Last year I rented an acclaimed documentary whose trailer had completely sold me, on a topic I’m passionately curious about.  I learned very little from it.  Cannibal Warlords of Liberia changed how I viewed warfare and war makers; the world; the history of the world; the Third World; the First World; and documentary cinema.  It’s not sensational and does not depict or show cannibalism; it’s a voyage to Liberia, into Monrovia, featuring interviews with locals, including criminals and civil warlords and police.  It’s like watching the best National Geographic article ever.  Everyone should see the first 40 minutes of this 53 minute piece.   
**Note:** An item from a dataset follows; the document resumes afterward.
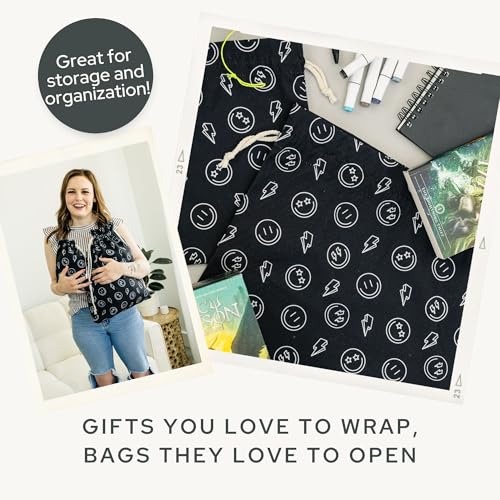 Gather & Knot Drawstring Gift Bags | 20" Large 12" Small | Premium Canvas | Reusable Fabric Wrap for Boy Birthday, Baby Shower | Happy Face - color: Happy Face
I’ve briefly visited the Third World; I’ve traveled on a jeep through the forest to Cap-Haitien and visited a local orphanage and long-term care hospital. I’ve heard stories of headless corpses discovered off the coast, set adrift in loose boats.  I was not prepared for some of the shocks and realizations I encountered in watching The Cannibal Warlords of Liberia.  I was naive.

It is an amazing and memorable history lesson: I had known that Liberia was a state for freed slaves, but I had no idea that America actually created it and deported ex-slaves there!  Monrovia is named after James Monroe!  One person even says he and his friends think of Liberia as “Little America”.
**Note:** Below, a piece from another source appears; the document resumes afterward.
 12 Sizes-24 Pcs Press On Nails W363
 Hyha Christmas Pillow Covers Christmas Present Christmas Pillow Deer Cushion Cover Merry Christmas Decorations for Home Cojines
Cannibal Warlords of Liberia offers a tremendous, important glimpse into human nature in different conditions. It sounds easy and obvious to suggest that everyone dig some holes in the beach to use as common latrines, yet it’s obviously much harder than that, or the locals would have gotten around to it already. Without a structure and formal civic authority representing and organizing the community, conditions can’t rise above squalor, even tho the residents by the beach would all want to create and to benefit from having an organized latrine system.  We are incredible animals to observe.  The people who think that government needs to be drowned in a bathtub must witness this incredible, frightening, profound footage.

I was reluctant to watch this video as it was produced by a cynical fashion magazine, however Cannibal Warlords of Liberia is the best use of sound-equipped cinema utilized in investigative journalism, period.  It’s really worth watching; I applaud and thank this magazine for making this show.  If you know a better documentary about yours and my world today, please let me know its name.